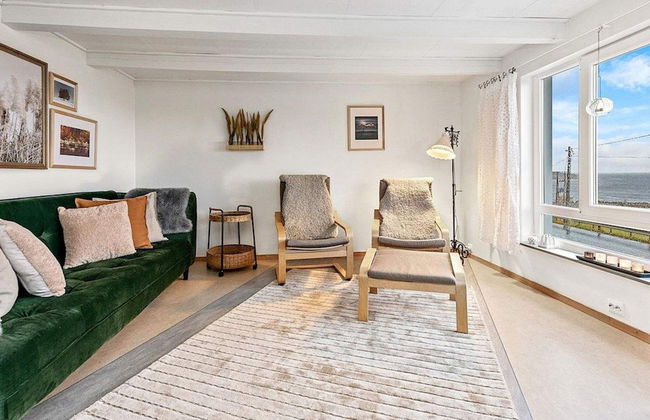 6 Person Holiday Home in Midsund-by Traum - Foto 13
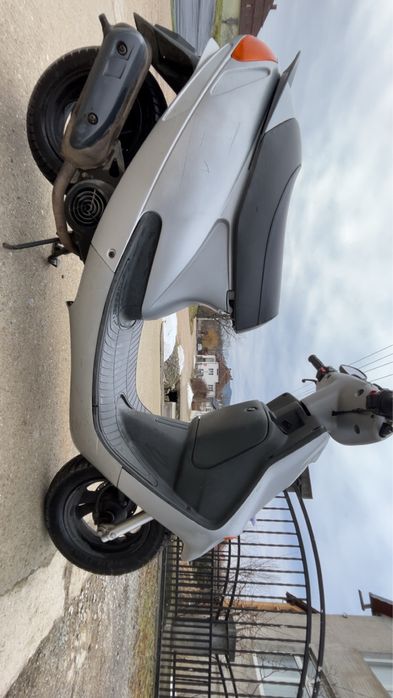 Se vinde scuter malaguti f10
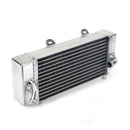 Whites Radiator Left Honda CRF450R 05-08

**BRIEF**
Give again the lines from the line that contains "Se vinde scuter malaguti f10" through the last line of the material above, exactly and with both ends included. Omit the pictures.

**EXERCISE ANSWER**
 Se vinde scuter malaguti f10
 Whites Radiator Left Honda CRF450R 05-08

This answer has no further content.